The researchers designed a prospective cohort study using more than 20 years of follow-up data from the Nurses’ Health Study (all female registered nurses) and the Health Professionals Follow-up Study (all male health professionals) from June 1, 1980 to May 31, 2010 (Nurses’ Health Study) and Jan. 1, 1986 to Dec. 31, 2010 (Health Professionals Follow-up Study). They observed that higher total folate intake was associated with a lower risk for EG/suspected exfoliation glaucoma (SEG), supporting a possible causal role of homocysteine in EG/SEG. Their results are published online in the April 3, 2014 issue of JAMA Ophthalmology.
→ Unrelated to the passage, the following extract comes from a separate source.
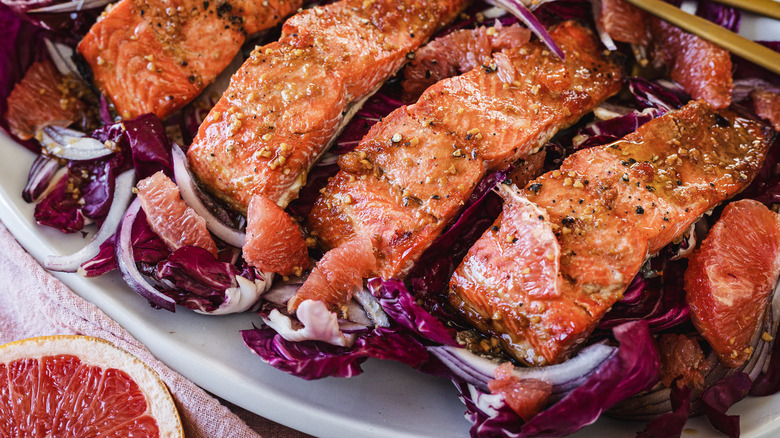 salmon with orange, fennel and rice on platter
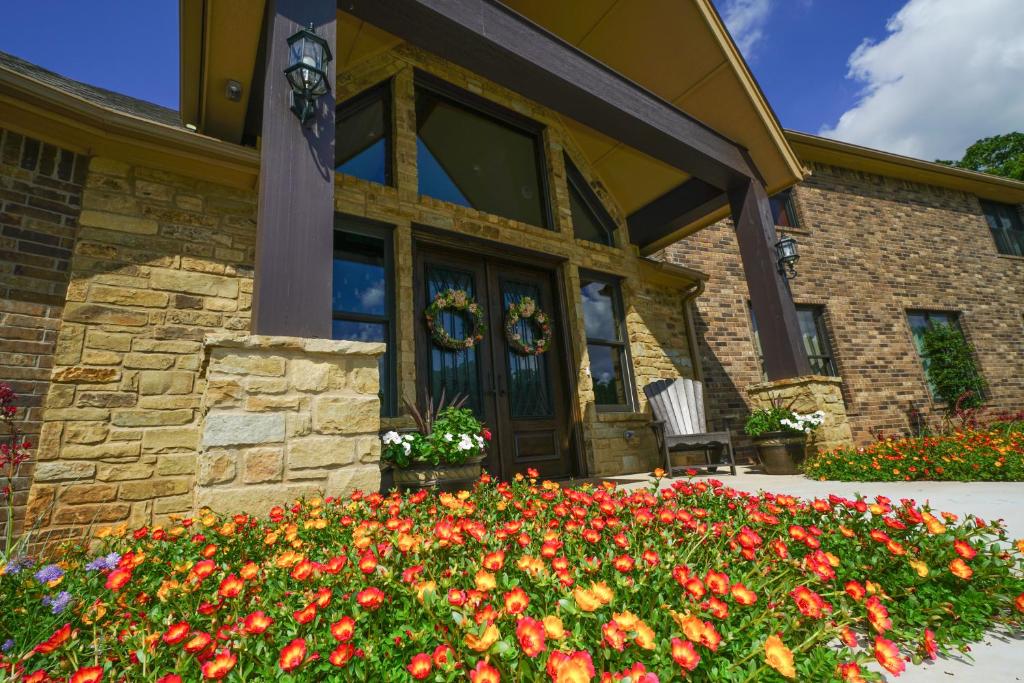 a house with flowers in front of it at Hidden Meadows Bed and Breakfast in Stillwater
“We included a subset of 78,980 women and 41,221 men who were 40 years or older, free of glaucoma, had completed dietary questionnaires, and reported an eye examination during follow-up,” said lead author Jae H. Kang, Sc.D., Channing Division of Network Medicine, Department of Medicine, BWH/HMS. “Incident cases of EG/SEG, totaling 339 were first identified with the questionnaires and were subsequently confirmed with medical records. Multivariable relative risks for EG/SEG were calculated in each cohort and then pooled with meta-analysis.”
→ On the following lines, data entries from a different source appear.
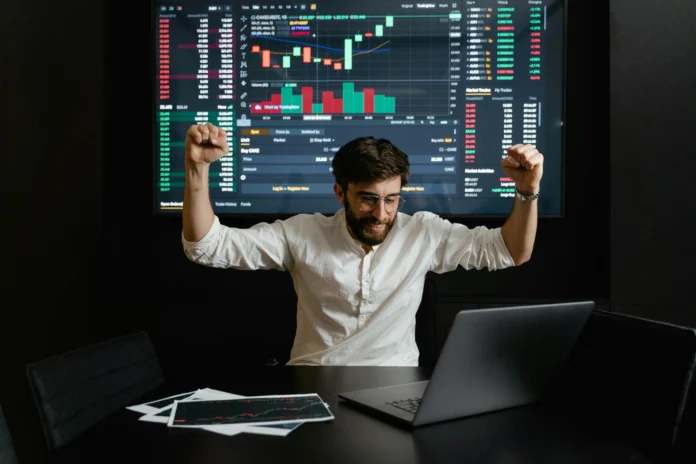 Entrepreneur celebrating in front of investment dashboard – Free Investors Database for Fundraising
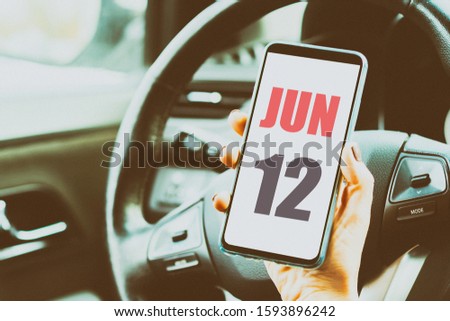 june 12th. Day 12 of month,Calendar date. Month and day placed on a smartphone screen in womans hand in car interior. artistic coloring.  summer month, day of the year concept
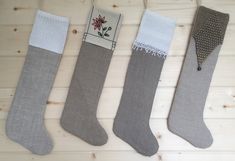 three pairs of socks sitting on top of a wooden floor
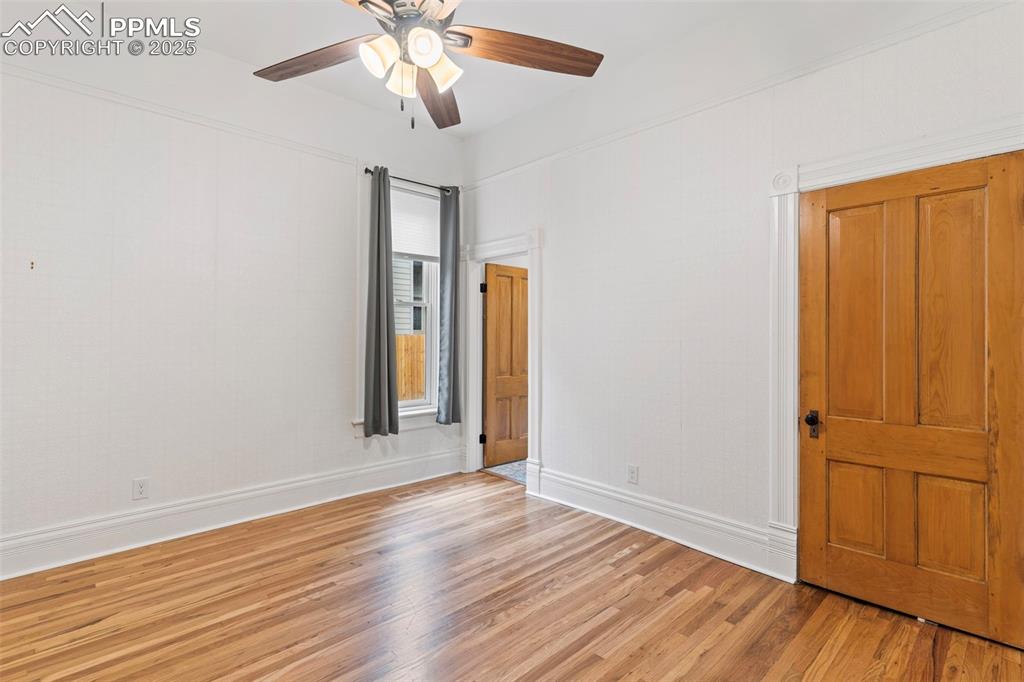 Image 21 of 36: Unfurnished bedroom with light wood-style floors and ceiling fan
The results showed that vitamin B6 and B12 intake was not associated with EG/SEG risk in pooled analyses (P= .52 and P= .99 for linear trend, respectively). However, there was a trend of a reduced risk of EG/SEG with higher total folate intake, with relations being stronger for higher folate intake from supplements than from diet alone.
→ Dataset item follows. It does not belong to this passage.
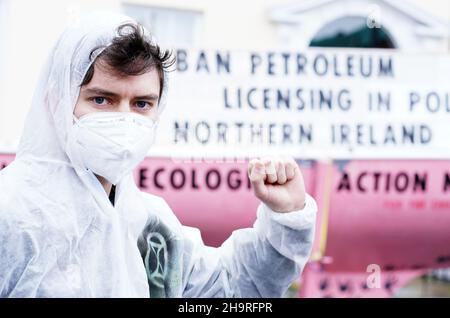Extinction Rebellion activist Oscar Mooney, from Sandymount, as the group held a demonstration outside Sinn Fein’s headquarters in Dublin calling on the party to act now in the Northern Irish Executive to ensure a full and final ban on petroleum licensing. Picture date: Wednesday December 8, 2021. Stock Photo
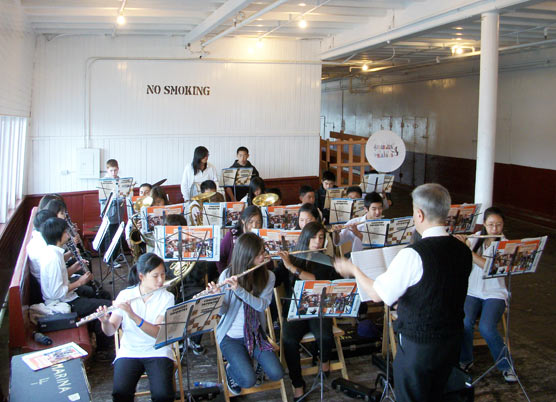 High school band playing on a ferryboat.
“Our conclusions are that higher folate intake is associated with a lower risk for EG/SEG, supporting a possible causal role of homocysteine in EG/SEG,” said senior author Louis Pasquale, M.D., Glaucoma Service Director, Mass. Eye and Ear. “More work needs to be done but these are critical insights that may give us a better understanding of how EG progresses, which helps to bring us closer to developing interventions or treatments that prevent this blinding disease.”
In addition to Drs. Kang and Pasquale, other authors are Stephanie J. Loomis, M.P.H.(Mass. Eye and Ear), Janey L. Wiggs, M.D., Ph.D. (Mass. Eye and Ear), and Walter C. Willett, M.D., Dr.PH (HSPH).
This work was supported by grants P01 CA87969, UMI CA167552, and EY020928 (Dr. Wiggs) and grant EY09611 (Dr. Pasquale) from the National Institutes of Health and the Arthur Ashley Foundation. Drs. Wiggs and Pasquale are also supported by the HMS Department of Ophthalmology Glaucoma Center of Excellence.